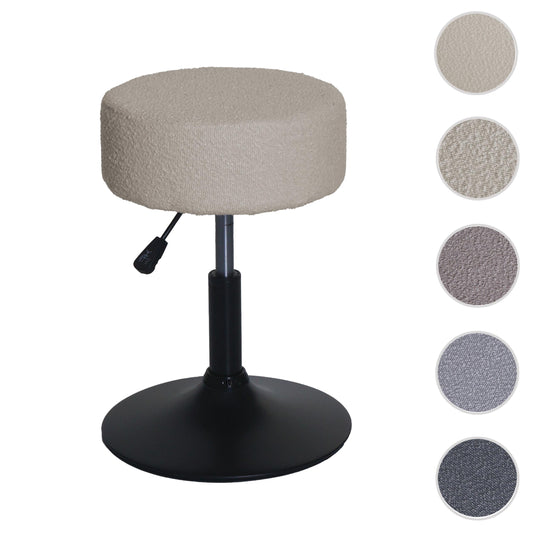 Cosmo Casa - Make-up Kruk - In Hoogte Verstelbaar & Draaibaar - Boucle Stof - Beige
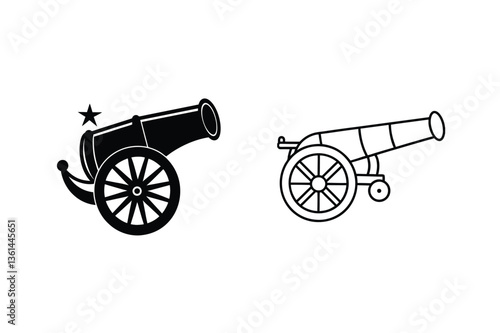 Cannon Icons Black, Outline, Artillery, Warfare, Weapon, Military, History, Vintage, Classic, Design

__________

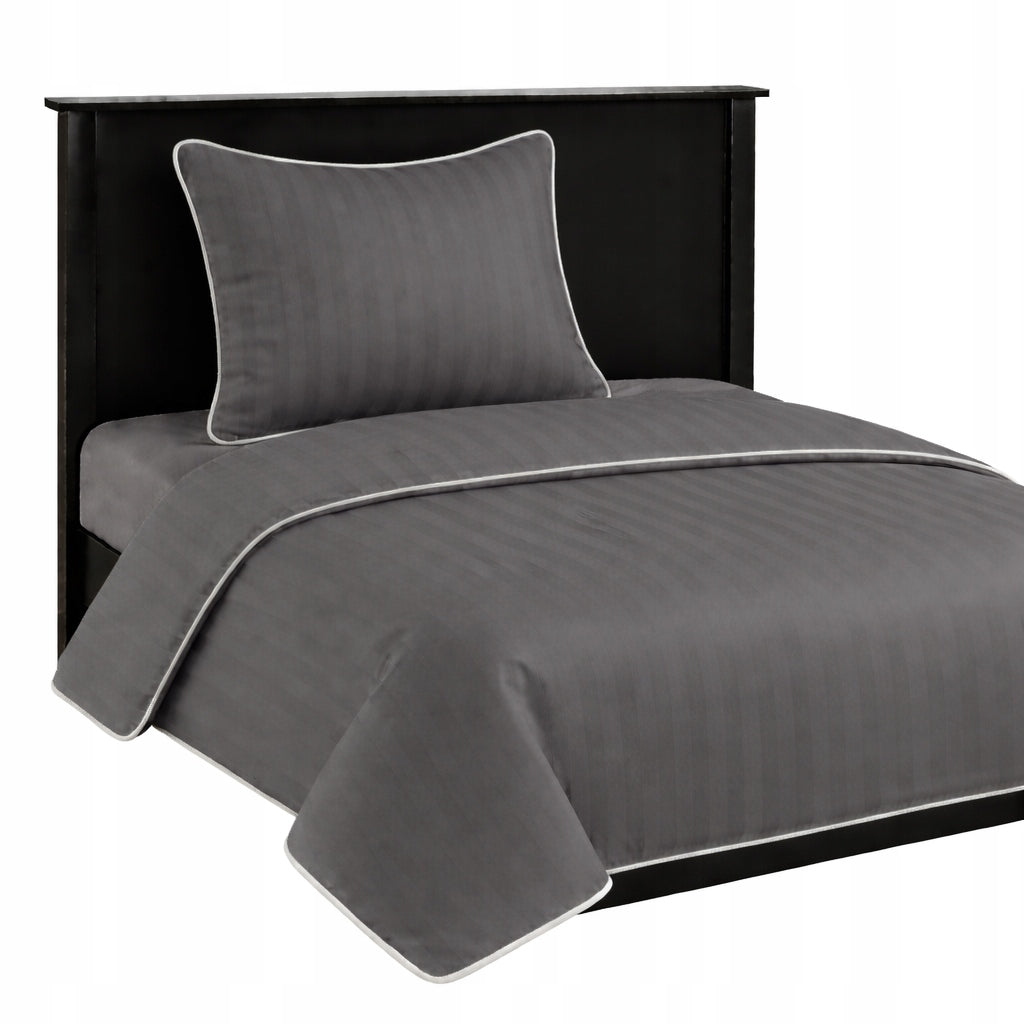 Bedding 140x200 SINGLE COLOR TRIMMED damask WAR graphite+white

__________

### TASK TO COMPLETE
Using the records above, print exactly the lines between the ones containing "Cosmo Casa - Make-up" and "Vintage, Classic, Design", inclusive, and nothing else; no pictures.

### FINAL ANSWER
 Cosmo Casa - Make-up Kruk - In Hoogte Verstelbaar & Draaibaar - Boucle Stof - Beige
 Cannon Icons Black, Outline, Artillery, Warfare, Weapon, Military, History, Vintage, Classic, Design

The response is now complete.